Great article from DV Power
Introduction
DV Power TRT instruments, the true three-phase turns ratio testers, enable users to perform two types of turns ratio tests:
- simultaneous 3-phase test
- and a sequential 3-phase test.
When performing the simultaneous 3-phase test, the TRT unit supplies a true three-phase test voltage to the transformer high voltage side and measures three induced line voltages at the low voltage side. This provides the “voltage ratio” that corresponds to the nameplate ratio. When performing the sequential 3-phase test of a three-phase transformer, the TRT outputs single-phase test voltage and measures the turns ratio for each phase separately, phase by phase.

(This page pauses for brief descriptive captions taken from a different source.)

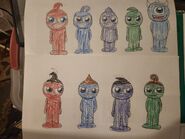 Claiden's Minions (The Goons), the main antagonistic faction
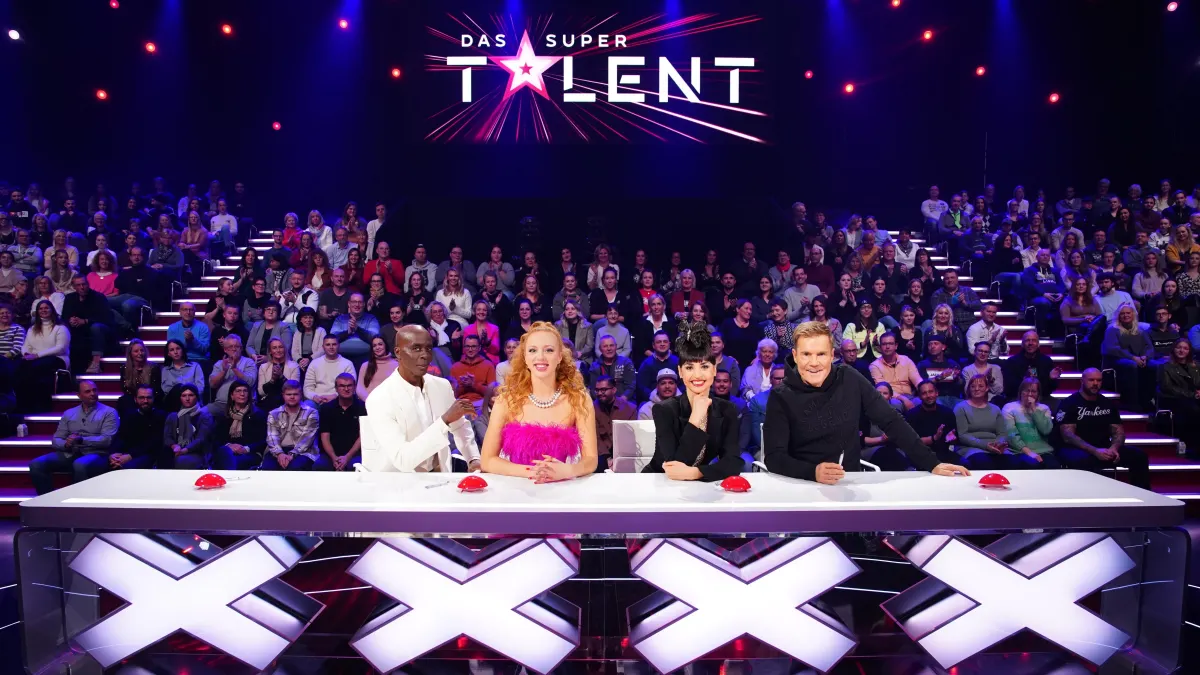 "Das Supertalent"-Jury 2024 Bruce Darnell Anna Ermakova Ekaterina Leonova Dieter Bohlen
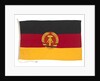 National flag of the German Democratic Republic (1959-1990) by unknown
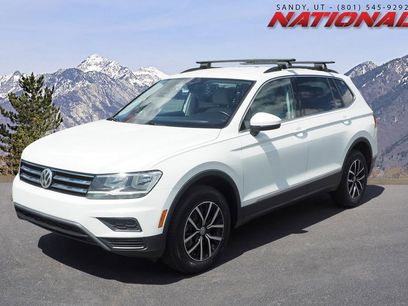 Used 2021 Volkswagen Tiguan SE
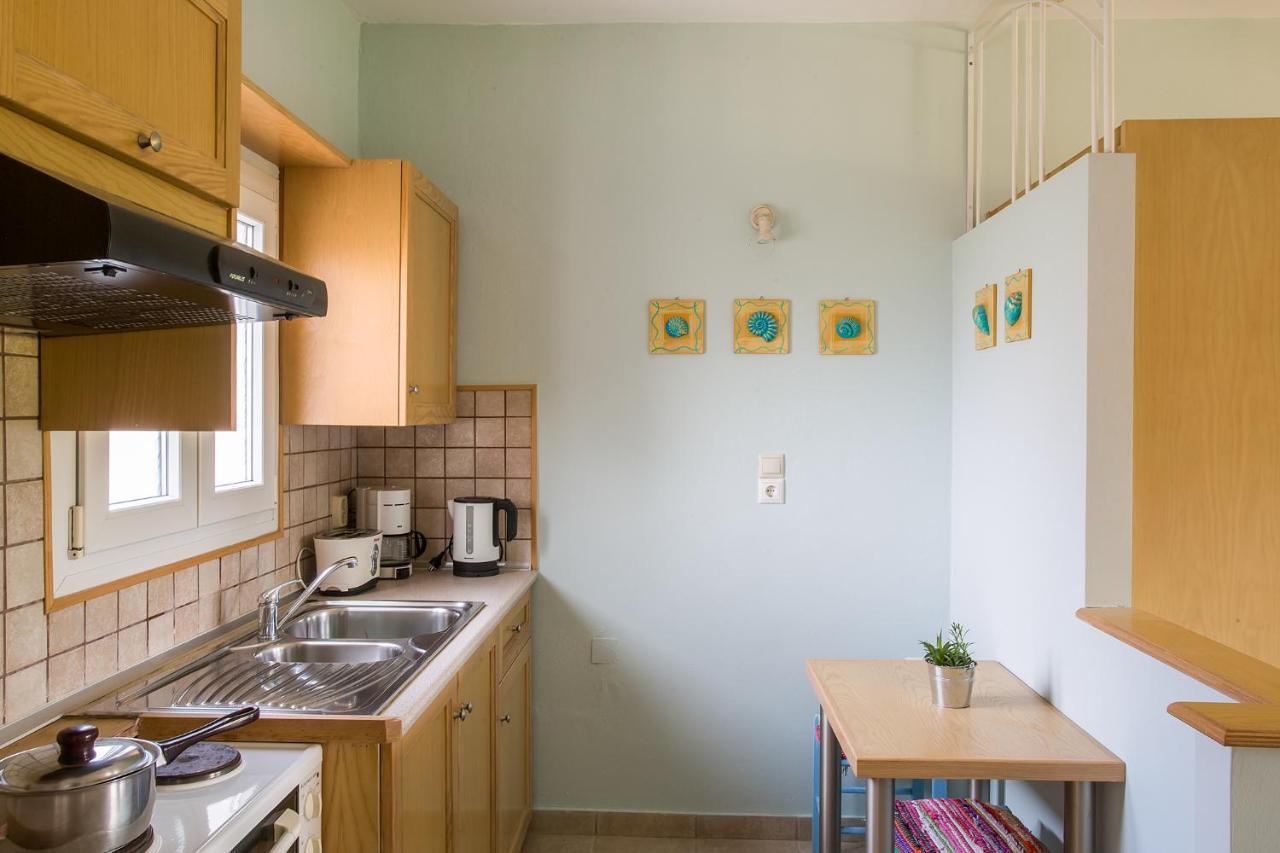 Spiti Prifti Apartments Gouvia Dış mekan fotoğraf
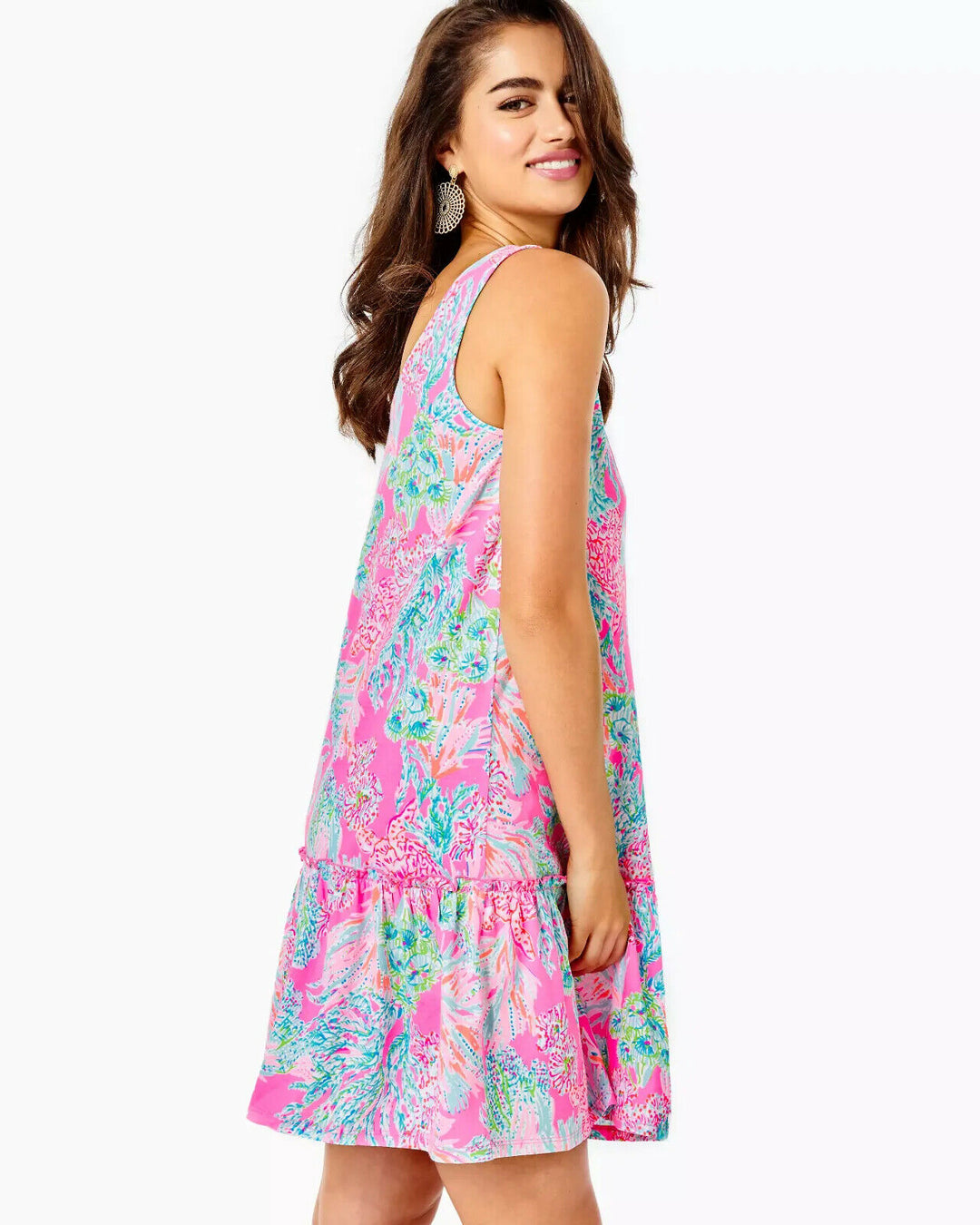 Lilly Pulitzer Skyelar Tank Mini Dress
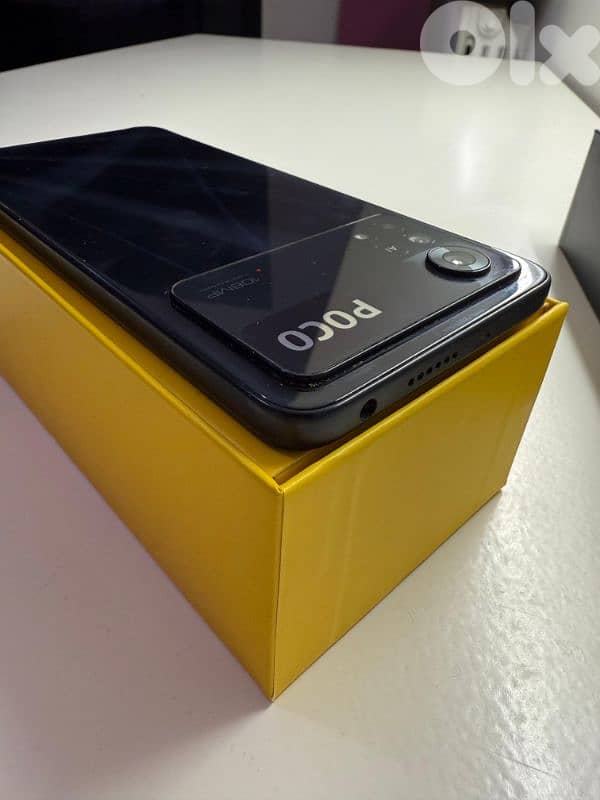pocco X4 pro 256gb very clean like new 3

The calculated turns ratio value for certain vector groups (wye-wye, delta-delta) is the same as the nameplate ratio meaning the three-phase voltage ratio, indicated on the transformer nameplate, is equal to the ratio of a number of turns of the high voltage to the low voltage windings. For example, a 220/110 kV/kV wye-wye transformer has twice the number of turns in the high voltage winding compared to the low voltage winding.
For some other vector groups, the ratio of winding turns is not the same as the nameplate ratio. For example, for wye-delta groups turns ratio is √3 times lower than the nameplate ratio, while for delta-wye groups it is √3 times higher. When the TRT instrument calculates a deviation between the measured and nameplate turns ratio, these √3 factors are automatically taken into consideration. The user needs to input only the nameplate ratio, and it will be multiplied or divided by √3 before comparing it with the measured turns ratio.
The √3 difference is the consequence of the behavior of the three-phase voltage systems connected in delta (triangle) and wye (star). In order to make a delta-wye three-phase transformer with voltage ratio (nameplate ratio) equal to one, √3 times larger number of turns needs to be wound on delta windings compared to wye windings. For example, 173 turns on each delta winding and 100 turns on each wye winding will be necessary. In that case, the turns ratio is equal to 1.73 (approximately √3), while the voltage ratio (nameplate ratio) is equal to 1. This is because the windings in delta connection are sized to supply a line voltage (phase to phase), while the windings in wye are determined to supply a phase voltage (phase to ground). From the theory of the three-phase systems, it is known the line voltages are √3 higher than phase voltages, and they are placed by 30˚ apart. That’s where the phase angles of 30˚ (Dyn1, YNd1), 150˚ (Dyn5, YNd5), 210˚ (Dyn7, YNd7), and 330˚ (Dyn11, YNd11) come from in delta-wye and wye-delta configurations. The three-phase voltage ratio (VR), or the transformer nameplate ratio, measured with a true three-phase test voltage, is the ratio of the line voltages on the HV and LV side.
Example
The figure below illustrates the YNd1 (wye-delta) transformer.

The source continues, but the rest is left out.